──────── EXERCISE MATERIALS
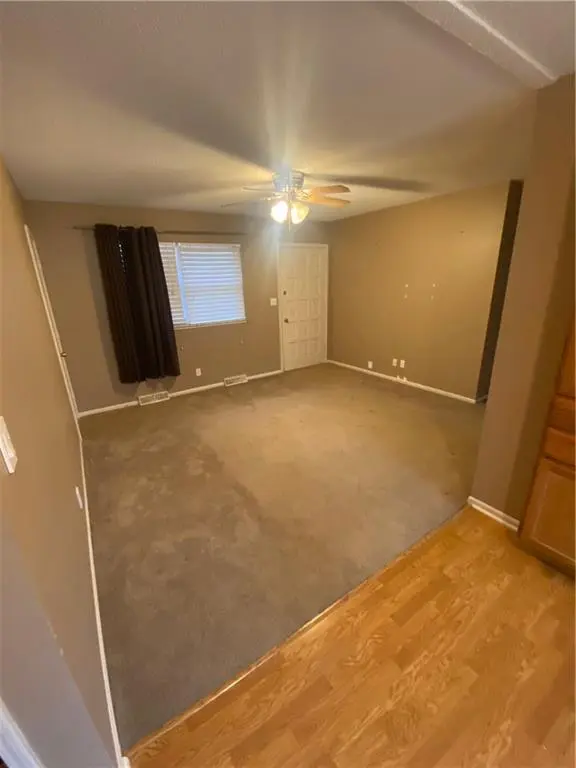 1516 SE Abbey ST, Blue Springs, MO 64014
────────────────
──────── EXERCISE MATERIALS
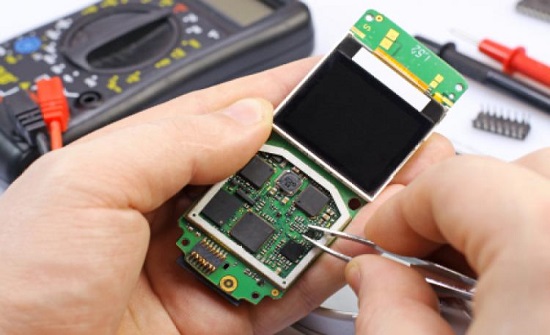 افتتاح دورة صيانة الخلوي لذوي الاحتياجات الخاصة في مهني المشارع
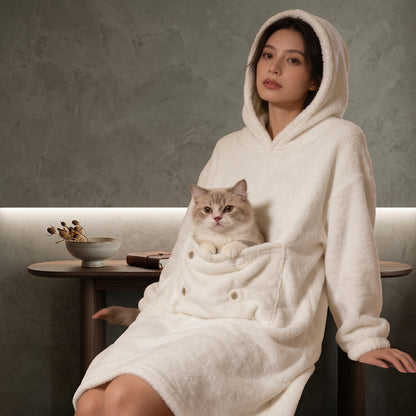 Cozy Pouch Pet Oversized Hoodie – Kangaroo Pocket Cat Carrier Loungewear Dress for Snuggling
────────────────
Up in the listing, locate the line with "افتتاح دورة صيانة"; print it and every line after it down to the line with "Cozy Pouch Pet", which is included too. Skip the pictures.

 افتتاح دورة صيانة الخلوي لذوي الاحتياجات الخاصة في مهني المشارع
 Cozy Pouch Pet Oversized Hoodie – Kangaroo Pocket Cat Carrier Loungewear Dress for Snuggling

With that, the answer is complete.